12 de setembro de 2008

Na high society


Quinta-feira, praça de alimentação do shopping. Horário de almoço, tudo lotado. Depois de comprar o habitual calzone e suco de laranja, me dirijo à mesa para deleitar-me com minha refeição junto às companheiras de infortúnio - digo, amigas do trabalho. Perto da terceira mordida, avisto uma cara conhecida no meio da multidão, rosto redondo, cabelos pretos e uma (perpétua) camisa azul. Depois de puxar pela memória alguns (ou muitos) segundos, percebo que estou encarando fixamente um ex-governador do Estado, atualmente candidato a prefeito de nossa esburacada capitá.

Antes do cérebro se dar conta do que está prestes a fazer, a boca (como sempre) toma o controle da situação e exclama, num nível decibélico ligeiramente elevado para se fazer ouvir pelas duas incautas acompanhantes: "Eita, Furustreco!"

A que estava de frente para mim, (in)discretamente (como sempre) olha para trás ao mesmo tempo em que pergunta "QUEM?". A do lado, muito sabiamente (como sempre), limita-se a uma verificação tácita, no máximo um "ã-hã" abafado pelo barulho da turba faminta aboletada nas mesinhas ao redor.

É aí que a coisa piora.

Aproveitando a chance para fazer piada, revivo um incidente diplomático do passado, no qual famosa cerimonialista contratada por nós demonstrou súbita e anormal intimidade com este mesmo cidadão, então vice-governador, apresentando-o em um evento ultra-formal com um sonoro "Meu amigo Furustreco!". E é justamente isso que eu repito, obviamente exagerando nas vogais para gerar um tom mais dramático: "Meeeeeeu amiiiigo Furustreeeeco!".

Como que guiado por um ebó/sexto-sentido mais apurado que aquele pirralha do 'I see dead people', o rapaz levanta a cabeça exatamente nesta hora, me avista através da multidão e esboça um sorriso.

Tum-tum, tum-tum.

O sangue em minha cabeça começa a pegar fogo, permitindo-me aproveitar o maravilhoso fenômeno da surdez momentânea - quebrado apenas pelas batidas frenéticas de meu coração.

Tum-tum, tum-tum.

Como se fosse em câmera lenta (ou em efeito bullet time, para quem é pós geração Matrix), eu vejo a mão do indivíduo levantar e balançar de um lado para outro, enquanto me olha fixamente de uns 15 metros de distância.

Tum-tum, tum-tum.

Sim, ELE DEU TCHAUZINHO PARA MIM.

Sem ter onde enfiar a cara senão um saquinho de papel com meio calzone de filé com cheddar, levanto minha própria mão e retribuo o gesto.

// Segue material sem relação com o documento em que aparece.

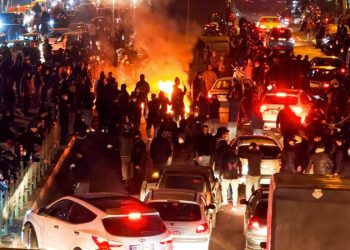 Trump told Iran has halted killings amid mounting protest pressure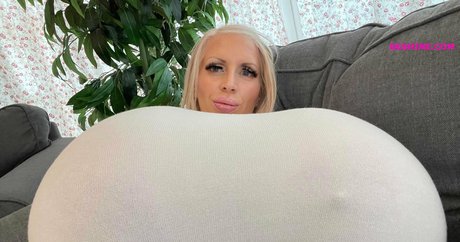 big ass jeans onlyfans art naked img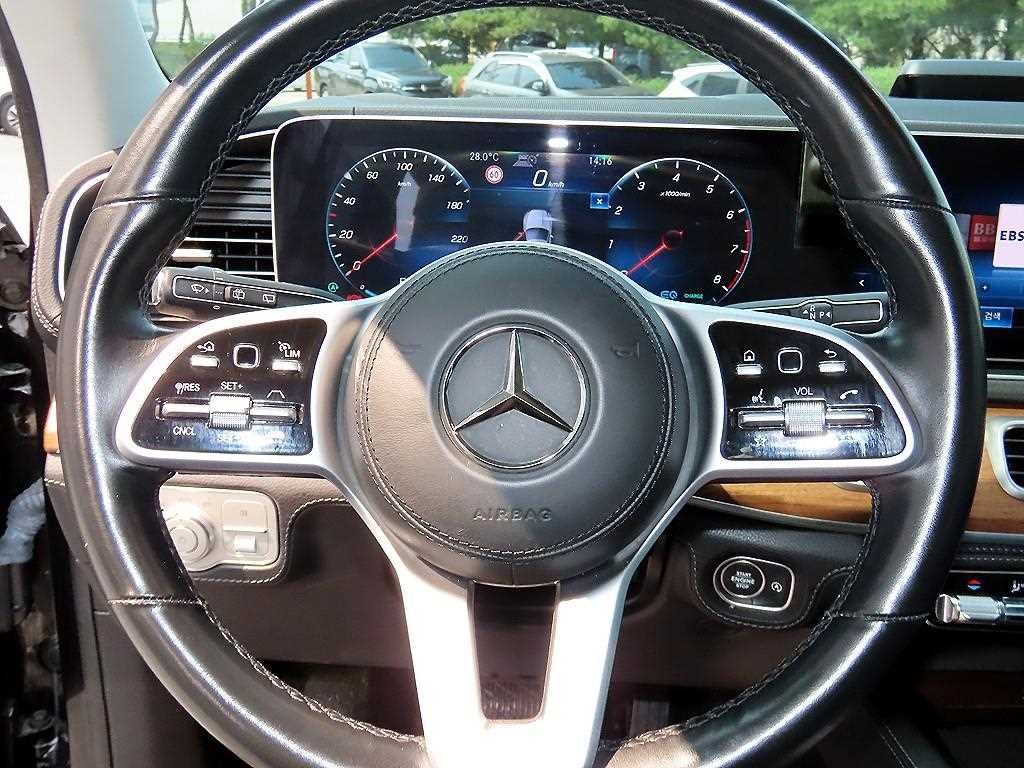 벤츠 GLE 클래스 GLE 클래스 W167 GLE 450 4MATIC 이미지 8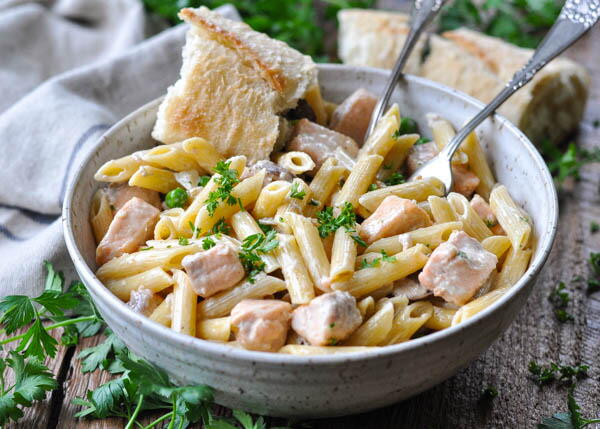 Salmon Pasta With Garlic Cream Sauce Salmon Pasta With Garlic Cream Sauce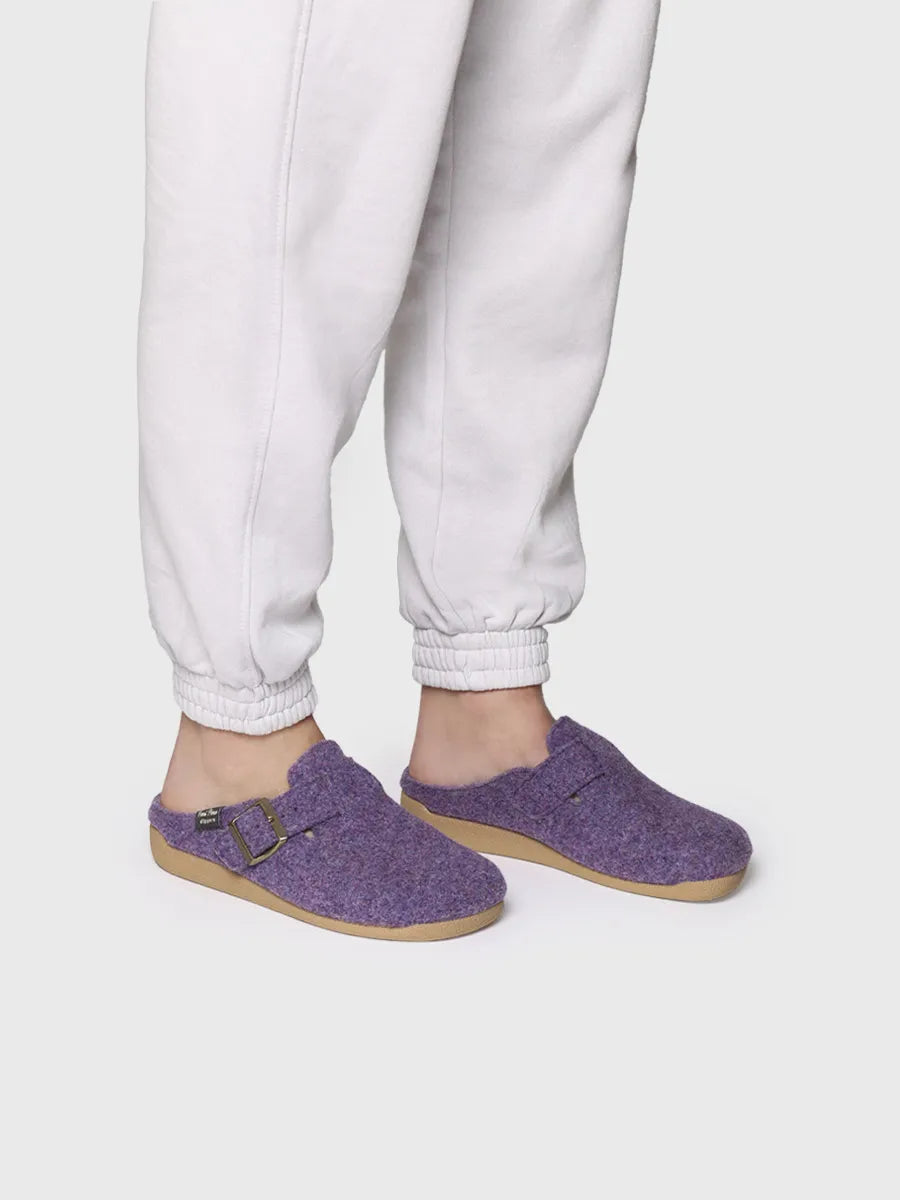 Slipper de dona tipus esclop amb sivella en color cru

Desnecessário dizer que as duas acompanhantes, em meio às gargalhadas, foram tangidas por mim para fora da praça de alimentação nos segundos seguintes - mas não sem elogiar o candidato pela ótima atuação no quesito 'Leitura Labial'.

2 comentários:

BETA FERNANDES disse...

Quase MORRO de rir lendo este texto. Narrativa PERFEITA.
Tem coisas que SO acontece com a gente. E quando juntas então, ninguem SEGURA :-)

AMO TU, FLORZINHA

verônica disse...

Ele identificou o reconhecimento de uma eleitora no meio da multidão. Foi um momento único de grande felicidade que precisava ser enfatizado com tchauzinho camarada!
E, claro, são coisas que só acontecem com a gente.